我觉着面前的女子好像和其他官家的人不太一样。
她看我没起身,走上前想扶起我,走到半却好似被人阻拦般停下,轻声叹道:“你起来吧,何必行此大礼。”
我起身站在她面前,低头看地。
“你可懂乐律?”她问我。
“嗯。”我点头。
“刚刚那首曲子你可有听懂。”她又问道。
我将自己的感受说给她听,听完她莞尔一笑:“你学得很好。”
“那你可愿跟我回去,替我打理古琴。”我抬头看着她,她表情有一种若我不同意,便另找理由的轻微不自然。

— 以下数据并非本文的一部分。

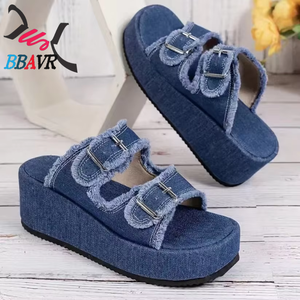 Sandalias de Playa Modelo 2026, Sandalias de Mujer de Piel Sintética con Punta Redonda, Antideslizantes, con Plataforma y Hebilla - Product Image 1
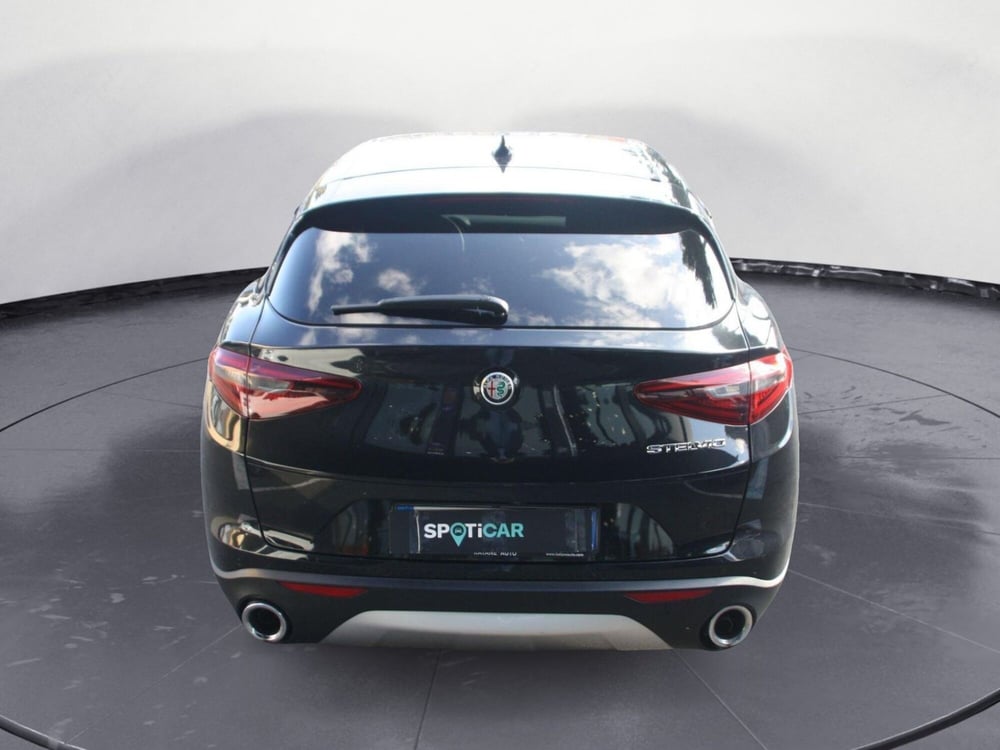 Alfa Romeo Stelvio usata a Catania (6)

我知道她是在找理由带我回去,甚是感激,又想跪下道谢,她出声制止:“心意我领了。你太过有礼,倒显得我有些无情了。”
“可想读书识字?”
我撇撇嘴:“没这机会。”
她看着我说:“会有的。”转过身面向悬崖,又重复道,“会有的。”
我没来由的相信她说的话,对她的信任远超我自己。
她将琴递给我,问道:“你可有名字。”
“奉音。”
“可愿换名,原来的许生变故。”
“好。”
“清泠由木性,恬澹随人心。便为‘清泠’如何。”
“谢小姐赠名。”我鞠躬行礼。
就这样我跟着小姐回府,这才知她是丞相府的小姐,赵祉兰。
府中人不少,个个都健康高大,也都待我极好。
回府后,小姐请太医给我治病,又亲自教我琴艺,但我依旧不敢弹她的琴。